### Exercise directions
Out of the material that follows, write out exactly the lines from the line with "Castelijn & Beerens Backpack in Black" to the line with "DICHROIC LAMP 50W 230V", both ends included, and no others.

### Information given
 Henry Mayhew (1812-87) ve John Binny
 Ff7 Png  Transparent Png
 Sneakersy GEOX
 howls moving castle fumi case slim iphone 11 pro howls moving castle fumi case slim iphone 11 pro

* * *

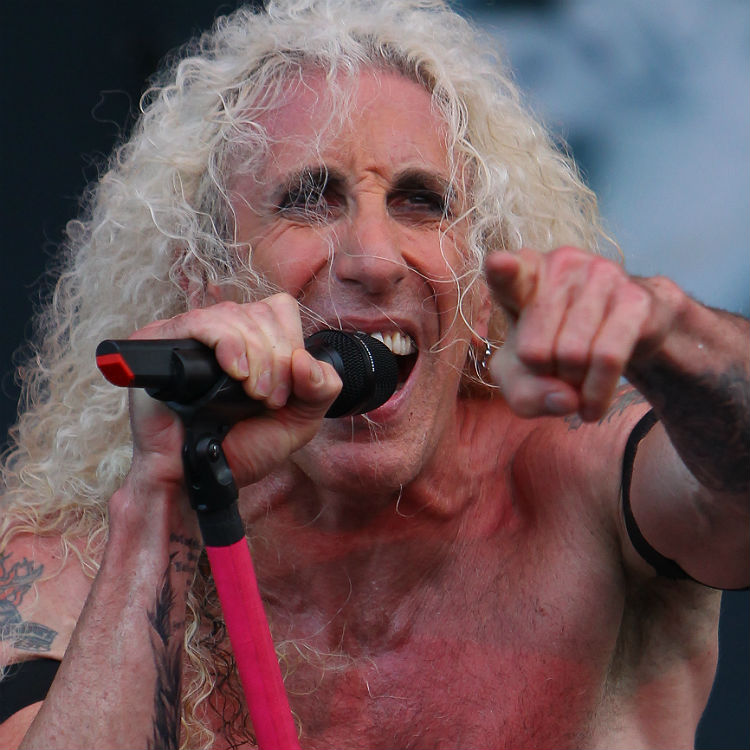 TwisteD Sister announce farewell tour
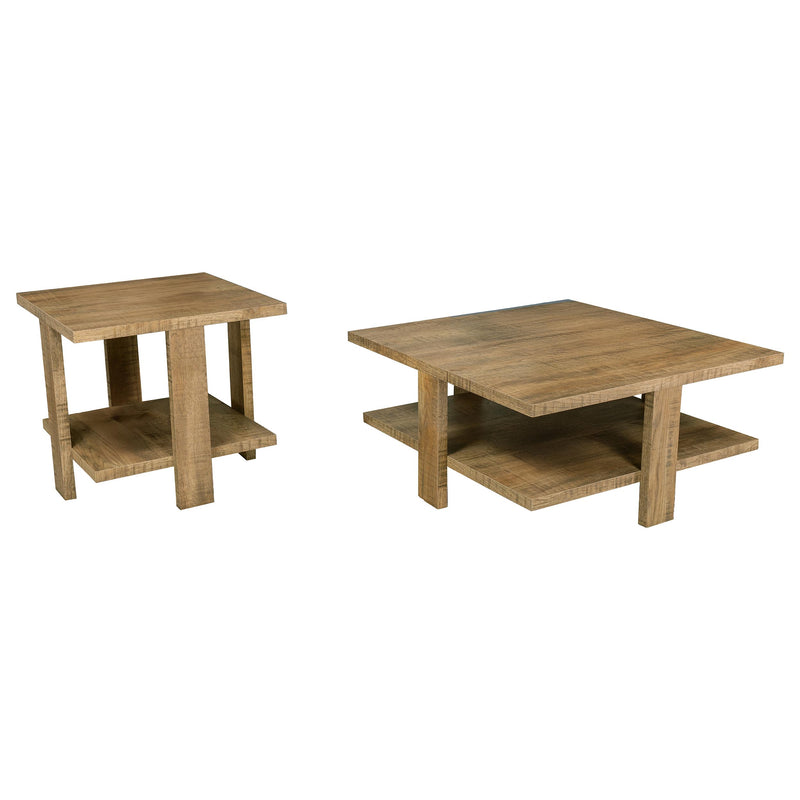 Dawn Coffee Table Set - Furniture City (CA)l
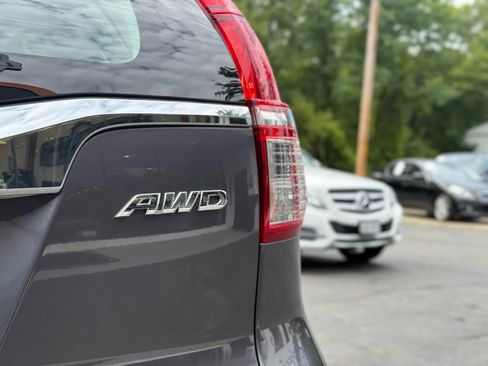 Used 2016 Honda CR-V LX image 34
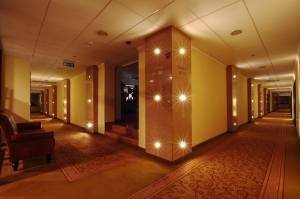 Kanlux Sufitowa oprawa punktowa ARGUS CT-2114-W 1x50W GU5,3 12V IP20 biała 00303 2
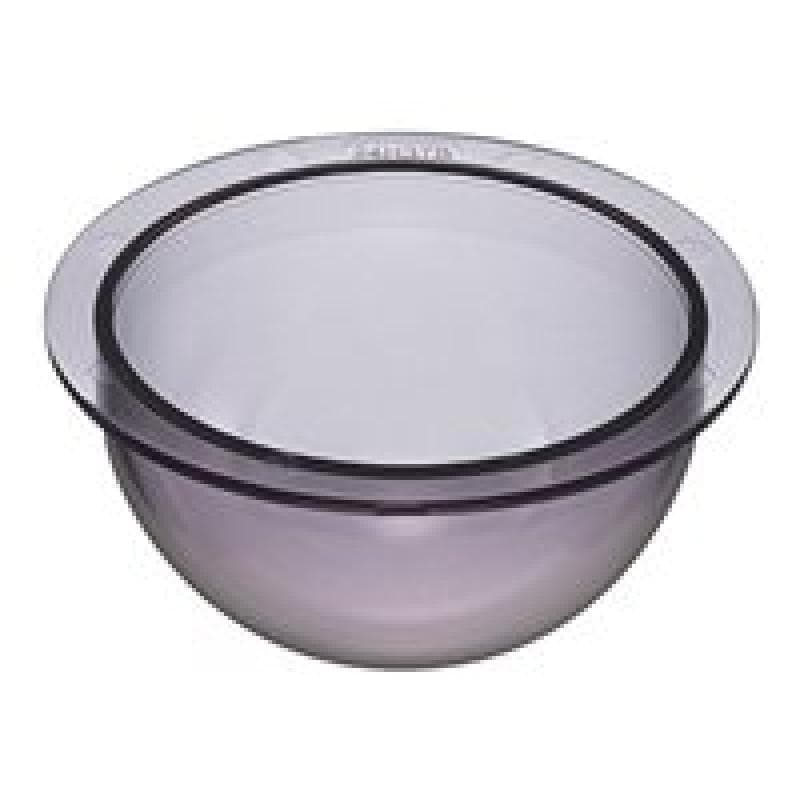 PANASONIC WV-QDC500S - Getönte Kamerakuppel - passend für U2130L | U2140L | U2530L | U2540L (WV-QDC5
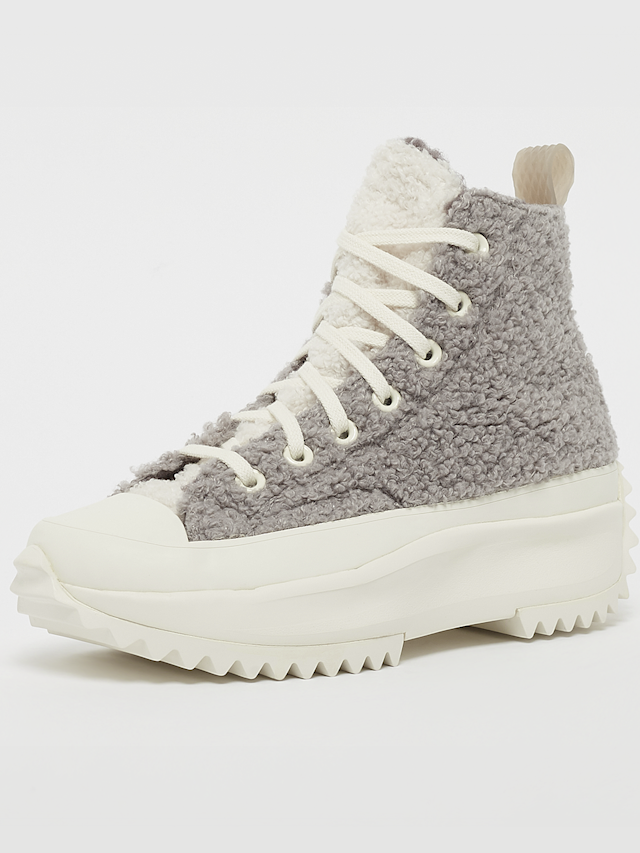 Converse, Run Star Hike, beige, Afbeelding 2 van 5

...

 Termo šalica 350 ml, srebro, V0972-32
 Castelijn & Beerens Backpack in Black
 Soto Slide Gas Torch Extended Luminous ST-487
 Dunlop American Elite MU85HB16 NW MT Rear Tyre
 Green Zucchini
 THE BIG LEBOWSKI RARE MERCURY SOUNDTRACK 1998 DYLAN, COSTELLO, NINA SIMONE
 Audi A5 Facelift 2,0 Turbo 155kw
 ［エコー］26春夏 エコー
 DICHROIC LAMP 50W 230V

### Answer to this problem
 Castelijn & Beerens Backpack in Black
 Soto Slide Gas Torch Extended Luminous ST-487
 Dunlop American Elite MU85HB16 NW MT Rear Tyre
 Green Zucchini
 THE BIG LEBOWSKI RARE MERCURY SOUNDTRACK 1998 DYLAN, COSTELLO, NINA SIMONE
 Audi A5 Facelift 2,0 Turbo 155kw
 ［エコー］26春夏 エコー
 DICHROIC LAMP 50W 230V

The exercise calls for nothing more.